:: DATA ::
________________

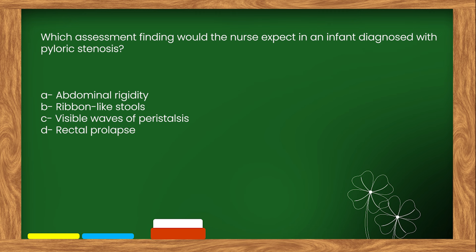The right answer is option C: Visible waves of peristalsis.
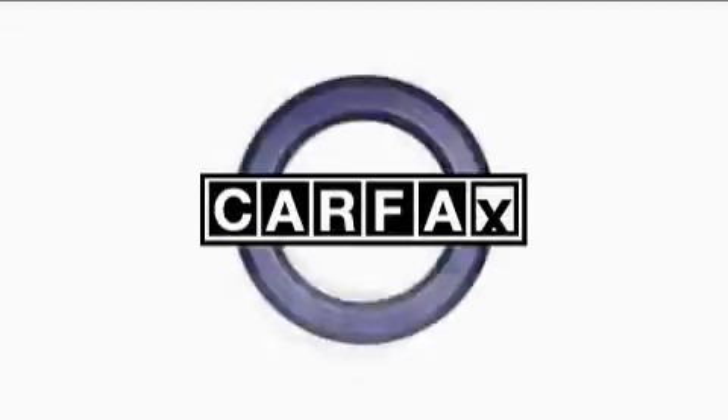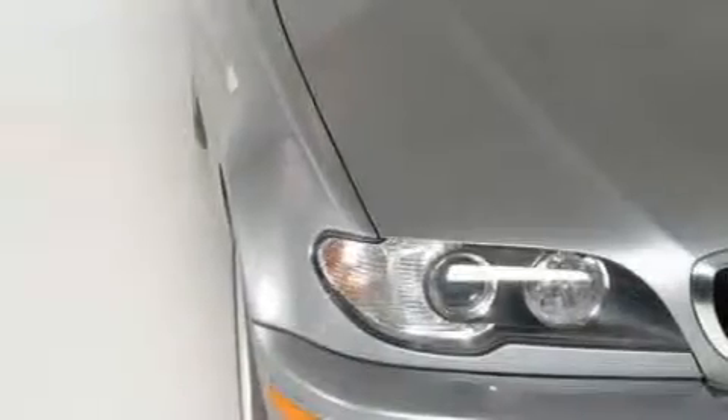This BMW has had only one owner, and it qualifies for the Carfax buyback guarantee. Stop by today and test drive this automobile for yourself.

________________

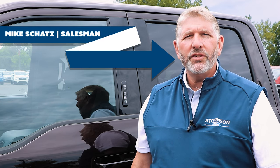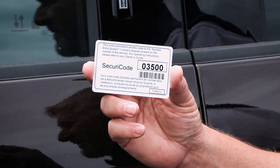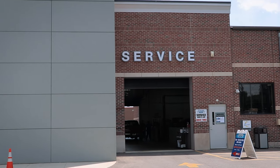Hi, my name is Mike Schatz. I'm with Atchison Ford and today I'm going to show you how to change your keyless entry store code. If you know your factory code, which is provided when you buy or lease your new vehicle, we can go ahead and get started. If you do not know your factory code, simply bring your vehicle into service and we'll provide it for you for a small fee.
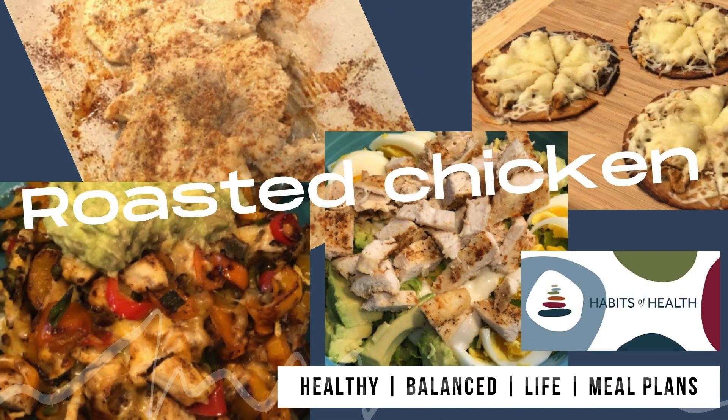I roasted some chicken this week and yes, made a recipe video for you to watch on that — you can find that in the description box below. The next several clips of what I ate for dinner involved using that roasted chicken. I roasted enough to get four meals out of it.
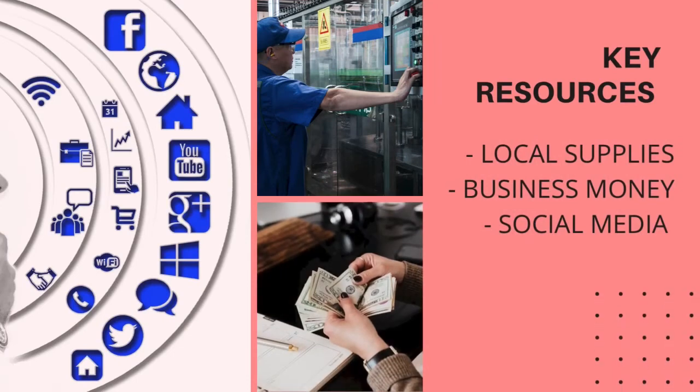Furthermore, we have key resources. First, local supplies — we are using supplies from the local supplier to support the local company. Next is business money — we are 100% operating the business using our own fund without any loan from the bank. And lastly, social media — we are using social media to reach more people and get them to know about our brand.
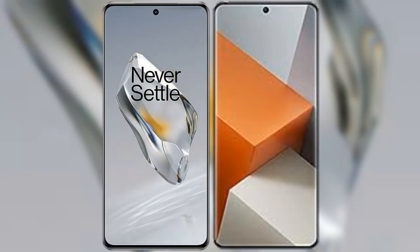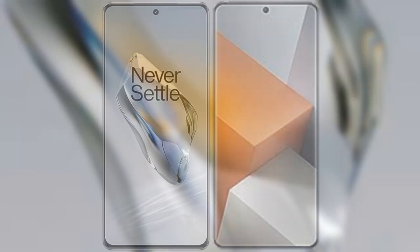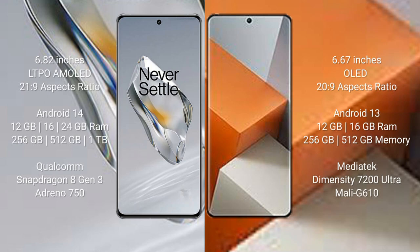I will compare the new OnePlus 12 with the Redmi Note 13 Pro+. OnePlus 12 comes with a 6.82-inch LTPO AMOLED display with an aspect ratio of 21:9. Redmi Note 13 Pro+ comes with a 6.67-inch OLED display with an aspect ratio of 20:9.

________________

:: WHAT TO WORK ON ::
Using the data above, output the line that has "The right answer", the line that has "This BMW has", and whatever lines fall between, each exactly as it stands and without pictures.

:: SOLVED EXERCISE ::
The right answer is option C: Visible waves of peristalsis.
This BMW has had only one owner, and it qualifies for the Carfax buyback guarantee. Stop by today and test drive this automobile for yourself.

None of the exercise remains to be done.